入学式の式辞などで目にするが、どこか遠い存在に感じてしまう、大学の学長。そんな学長のことをより知ってもらうべく、一橋新聞では中野聡一橋大学長(昭58社)にインタビューを行い、自身の大学生活を振り返りつつ、新入生に伝えたいことについて、お話を伺った。
──簡単な生い立ちとご経歴を教えてください。
私は1959年(昭和34年)の東京生まれでして、父親が厚生省の役人だったので、高校生くらいまでは都内の官舎をあちこち移動しながらの生活を送っていました。高校は都立戸山高校でした。高校卒業後、早稲田大学法学部に1年間在籍しながら受験勉強を続け、1979年、一橋大学法学部に入学しました。
──一橋ではどのような学生時代を過ごされましたか。
学部生の最初の2年間は、小平分校でのんびりとした学生生活を送っていました。文芸部に所属はしていたものの、あんまり参加はしていなかったです。

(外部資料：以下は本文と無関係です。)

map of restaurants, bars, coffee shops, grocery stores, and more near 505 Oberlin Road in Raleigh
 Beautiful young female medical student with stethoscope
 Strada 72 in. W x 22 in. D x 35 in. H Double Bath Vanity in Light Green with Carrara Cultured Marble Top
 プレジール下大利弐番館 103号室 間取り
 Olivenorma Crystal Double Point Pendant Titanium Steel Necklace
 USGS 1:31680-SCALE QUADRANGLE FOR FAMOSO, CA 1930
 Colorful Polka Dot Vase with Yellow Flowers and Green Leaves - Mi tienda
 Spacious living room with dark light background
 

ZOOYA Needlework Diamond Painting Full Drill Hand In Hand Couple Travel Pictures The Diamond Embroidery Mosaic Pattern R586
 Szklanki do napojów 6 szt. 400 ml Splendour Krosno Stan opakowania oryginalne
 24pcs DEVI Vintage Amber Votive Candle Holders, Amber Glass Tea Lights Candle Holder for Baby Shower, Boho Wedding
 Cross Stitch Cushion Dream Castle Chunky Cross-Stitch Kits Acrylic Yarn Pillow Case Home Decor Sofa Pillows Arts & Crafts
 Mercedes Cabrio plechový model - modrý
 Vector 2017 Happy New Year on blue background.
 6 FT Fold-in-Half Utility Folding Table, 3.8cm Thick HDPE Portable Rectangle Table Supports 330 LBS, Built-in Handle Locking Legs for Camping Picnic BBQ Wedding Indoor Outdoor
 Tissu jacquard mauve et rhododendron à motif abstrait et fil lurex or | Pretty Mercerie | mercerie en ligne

部活としては、私は学内ではなく学外の俳優養成所へ通っていました。俳優になりたくて通っていたのではなく、演出家になりたくて通っていたんですね。学部の後半は、こちらの活動に力を入れていました。演出助手として、売れない役者たちのお芝居の手伝いなどをしていました。芝居仲間で揉め事が起きて間に立たされたり、現場でプロの方に怒られたりと、学内では経験できない様々な体験をすることが出来ました。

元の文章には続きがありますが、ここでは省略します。